Les témoignages néotestamentaires ne nous laissent aucun doute sur le fait que dans la « Résurrection du Fils de l'homme » quelque chose de totalement différent se soit produit. La Résurrection de Jésus fut l'évasion vers un genre de vie totalement nouveau, vers une vie qui n'est plus soumise à la loi de la mort et du devenir mais qui est située au-delà de cela - une vie qui a inauguré une nouvelle dimension de l'être-homme. C'est pourquoi la Résurrection de Jésus n'est pas un événement singulier, que nous pourrions négliger et qui appartiendrait seulement au passé, mais elle est une sorte de « mutation décisive » (pour employer cette expression de manière analogique, bien qu'elle soit équivoque), un saut de qualité. Dans la Résurrection de Jésus, une nouvelle possibilité d'être homme a été atteinte, une possibilité qui intéresse tous les hommes et ouvre un avenir, un avenir d'un genre nouveau pour les hommes.

2. La signification historique de la Résurrection

(page 309)

(..) Il nous faut aussi affronter la question concernant la Résurrection en tant qu'événement historique. D'un côté, nous devons dire que l'essence de la Résurrection se trouve justement dans le fait qu'elle brise l'histoire et qu'elle inaugure une nouvelle dimension que nous appelons communément la dimension eschatologique. La Résurrection fait entrevoir l'espace nouveau qui ouvre l'histoire au-delà d'elle-même et crée le définitif. En ce sens, il est vrai que la Résurrection n'est pas un événement historique du même genre que la naissance ou le crucifiement de Jésus. C'est quelque chose de nouveau. Un genre nouveau d’événement.

Il faut pourtant, en même temps, prendre acte du fait que celle-ci n'est pas simplement hors de l'histoire et au-dessus d'elle. En tant qu'éruption hors de l'histoire en la dépassant, la Résurrection commence toutefois dans l'histoire elle-même et elle lui appartient jusqu'à un certain point. On pourrait peut-être exprimer cela de cette manière : la Résurrection de Jésus va au-delà de l'histoire, mais elle a laissé son empreinte dans l'histoire.
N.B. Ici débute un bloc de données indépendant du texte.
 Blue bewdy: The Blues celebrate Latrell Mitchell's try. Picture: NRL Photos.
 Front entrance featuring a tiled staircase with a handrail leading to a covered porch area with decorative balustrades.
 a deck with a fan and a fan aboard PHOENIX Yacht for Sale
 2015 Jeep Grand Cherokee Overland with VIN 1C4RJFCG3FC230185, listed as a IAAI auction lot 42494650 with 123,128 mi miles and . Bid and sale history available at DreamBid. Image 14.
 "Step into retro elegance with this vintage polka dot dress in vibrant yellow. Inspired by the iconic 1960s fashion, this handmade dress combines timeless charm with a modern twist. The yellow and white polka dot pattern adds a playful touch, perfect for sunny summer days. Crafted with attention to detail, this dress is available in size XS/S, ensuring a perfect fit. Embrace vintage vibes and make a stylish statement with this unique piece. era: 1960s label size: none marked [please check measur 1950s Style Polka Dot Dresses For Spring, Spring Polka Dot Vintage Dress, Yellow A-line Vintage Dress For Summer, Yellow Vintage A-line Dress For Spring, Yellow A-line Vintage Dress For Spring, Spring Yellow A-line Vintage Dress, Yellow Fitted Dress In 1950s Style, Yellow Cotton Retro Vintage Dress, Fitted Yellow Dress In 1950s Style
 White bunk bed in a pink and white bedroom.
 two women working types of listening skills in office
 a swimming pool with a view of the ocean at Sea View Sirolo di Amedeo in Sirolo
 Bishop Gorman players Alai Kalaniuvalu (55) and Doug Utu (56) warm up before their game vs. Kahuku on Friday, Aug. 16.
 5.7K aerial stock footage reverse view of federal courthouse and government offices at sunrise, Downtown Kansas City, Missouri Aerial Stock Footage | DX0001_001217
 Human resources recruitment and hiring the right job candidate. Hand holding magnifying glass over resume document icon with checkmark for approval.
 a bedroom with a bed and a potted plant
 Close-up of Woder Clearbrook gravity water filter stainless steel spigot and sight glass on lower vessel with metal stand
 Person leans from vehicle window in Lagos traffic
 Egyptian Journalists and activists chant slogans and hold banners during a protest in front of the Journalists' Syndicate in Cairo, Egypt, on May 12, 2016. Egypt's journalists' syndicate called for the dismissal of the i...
C'est pourquoi elle peut être attestée par les témoins comme un événement d'une qualité entièrement nouvelle.

De fait, l'annonce apostolique avec son enthousiasme et son audace est impensable sans un contact réel des témoins avec le phénomène totalement nouveau et inattendu qui les atteignait de l'extérieur et consistait dans la manifestation et l'annonce du Christ ressuscité. Seul un événement réel d'une qualité radicalement nouvelle était en mesure de rendre possible l'annonce apostolique, qui ne peut être expliquée par des spéculations ou des expériences intérieures mystiques. Dans son audace et sa nouveauté, cette annonce prend vie de la force impétueuse d'un événement que personne n'avait pu concevoir et qui dépassait toute imagination.